On Sun, 9 Oct 2022, LIU Hao wrote:

在 2022/10/9 18:05, Pali Rohár 写道:

Ok, I see.

Anyway, I quite do not understand why some crt exported functions are
marked with _CRTIMP (as it is empty during CRT build) and some exported
variables use __MINGW_IMP_SYMBOL. I would expect that all exported
functions and variables (from dll) would use same "syntax" and same
"behavior". Is not this a bug?

And why is not used directly __desclspec(dllimport)? I think that
specifying dllimport is same as using __MINGW_IMP_SYMBOL and then
defining a new macro with pointer dereferencing of defined symbol.
Or not and is there something special why "more complicated" approach
via __MINGW_IMP_SYMBOL is required?


Because sometimes we would like to override them, for example, in 'ucrtbase_compat.c'.


This

 ```
 void __attribute__((__dllimport__)) _tzset(void);
 void (*__imp__tzset)(void) = _tzset;

 int
 main(void)
   {
     _tzset();
   }
 ```

will cause an error, as the function call to dllimport'd function in `main()` pulls it from 'libmsvcrt.a', which also brings its own pointer:

 ```
 $ x86_64-w64-mingw32-gcc -Wall -Wextra test.c
 /usr/bin/x86_64-w64-mingw32-ld: /usr/lib/gcc/x86_64-w64-mingw32/10-w
 in32/../../../../x86_64-w64-mingw32/lib/libmsvcrt.a(libmsvcrt-oss007
 17.o):(.idata$5+0x0): multiple definition of `__imp__tzset'; /tmp/cc
 1GlQ7e.o:test.c:(.data+0x0): first defined here
 collect2: error: ld returned 1 exit status
 ```

I think this example kinda misses the point; here you already do have an __imp__tzset elsewhere (from the import library) - but we only do manually define e.g. __imp__tzset when we're in a configuration where the import library doesn't provide it (or we've commented it out from the def file).

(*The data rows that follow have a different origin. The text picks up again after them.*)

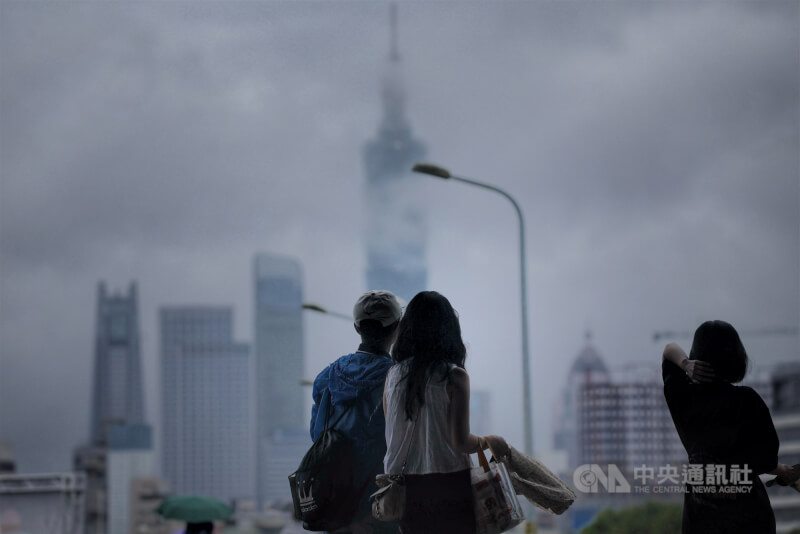 台北市松山區24日午後雲層仍厚,民眾把握假日外出活動。 中央社記者王飛華攝 114年5月24日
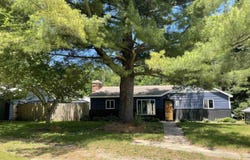 494 W Barnes Lake Road, Columbiaville, MI 48421
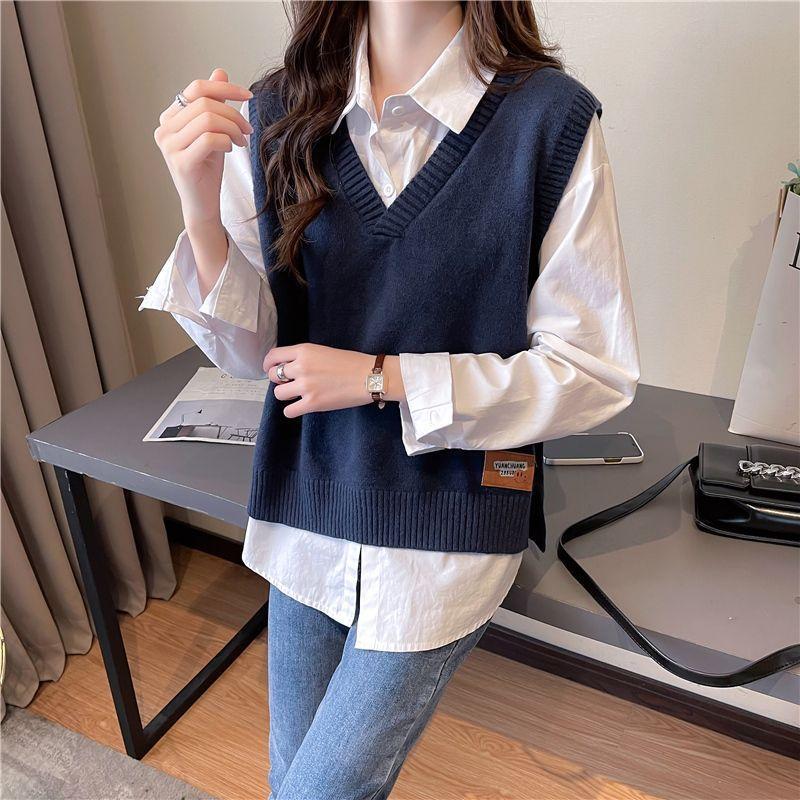 V-neck Knitted Vest for Women In Autumn Loose Vest Lazy Style Layering Over Sleeveless Waistcoat and Waistcoat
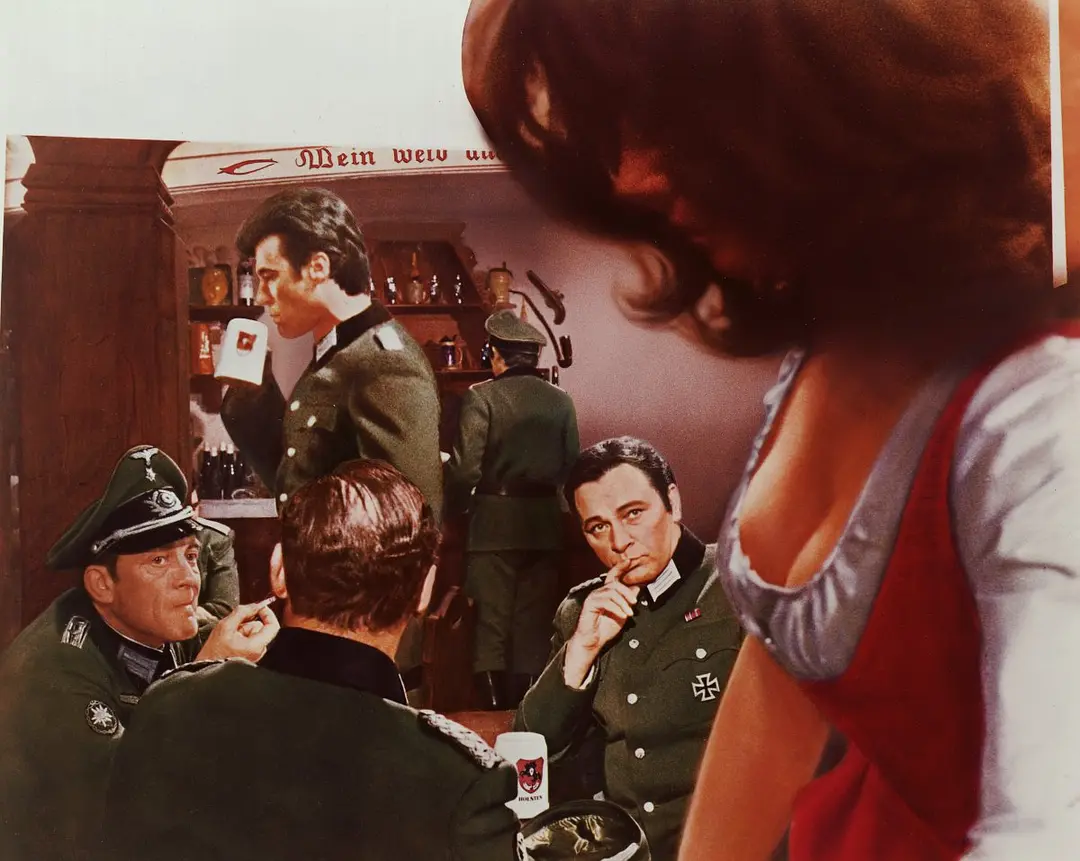 血染雪山堡剧照1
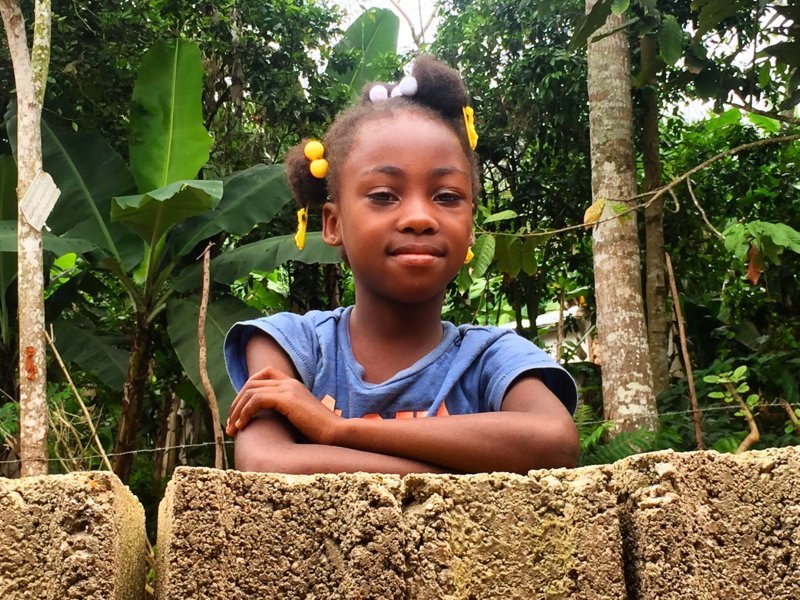 Une petite fille de Fonds Jean-Noël - Sur la route du café en Haïti, au coeur de la communauté de Fonds Jean-Noël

Historically, the _CRTIMP macro comes from how it is used in upstream msvcrt; you can link the CRT either statically or dynamically. If intending to link statically, _CRTIMP expands to nothing, while if intending to link dyanmically, _CRTIMP expands to dllimport. For mingw-w64, there's no option to link the full CRT statically, so from user code point of view, there's only the dllimport case to care about.

But when building code within mingw-w64-crt, _CRTIMP expands to nothing. I guess this is generally desireable when implementing some of the functions that are marked _CRTIMP (we generally shouldn't have a dllimport declaration of the function visible when we're implementing it).

However this can also be tricky, because if it indeed is a data symbol that we're overriding/providing in mingw-w64-crt, then having it visible without dllimport is fine (when other object files in mingw-w64-crt reference it, and both of them will be linked statically, but if it is a symbol that will be imported from a DLL file, via the def files, then accessing it without dllimport is going to cause unnecessary auto imports and runtime pseudo relocs.


So in short, the following two are functionally exactly equivalent - they generate the same code in a compiler when you reference it:

    extern int * __MINGW_IMP_SYMBOL(someDataSymbol);
  #define someDataSymbol (* __MINGW_IMP_SYMBOL(someDataSymbol))
and
    extern int __declspec(dllimport) someDataSymbol;

However if you make it
    extern int _CRTIMP someDataSymbol;

then you lose the dllimport for any code within mingw-w64-crt that is accessing it - leading to unnecessary auto imports and runtime pseudo relocs.


I think the common pattern within mingw-w64-headers is to simply use the first form via the explicit __MINGW_IMP_SYMBOL redirection for any data symbols, while _CRTIMP is used for functions only. Exported data symbols in the CRT interface generally are problematic anyway. And the define form, while kinda unwieldy, gives you a bit more freedoms to check for it with ifdef, work around it with undef, etc.